> [Directions for this task]:
All lines below starting at the one that holds "Distribution of Ornithurae" and ending at the one that holds "Tablou alb/negru din" should be printed exactly, ends included. Pictures should not be printed, nor anything else.

> [Records for this task]:
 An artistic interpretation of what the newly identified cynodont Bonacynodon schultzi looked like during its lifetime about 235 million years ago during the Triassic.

...

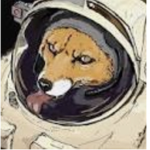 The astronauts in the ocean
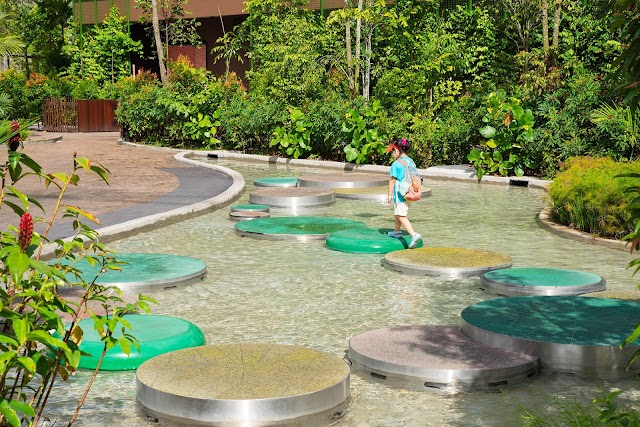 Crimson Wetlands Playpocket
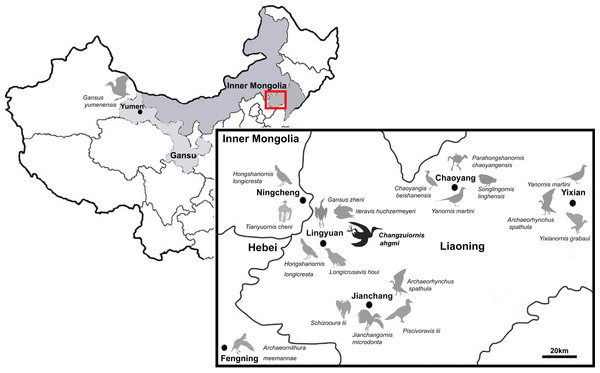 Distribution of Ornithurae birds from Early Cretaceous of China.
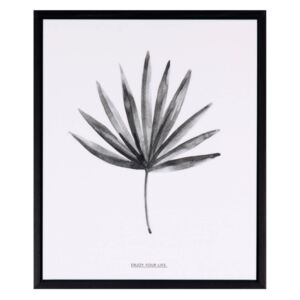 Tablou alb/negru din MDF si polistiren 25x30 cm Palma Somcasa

> [Response below]:
 Distribution of Ornithurae birds from Early Cretaceous of China.
 Tablou alb/negru din MDF si polistiren 25x30 cm Palma Somcasa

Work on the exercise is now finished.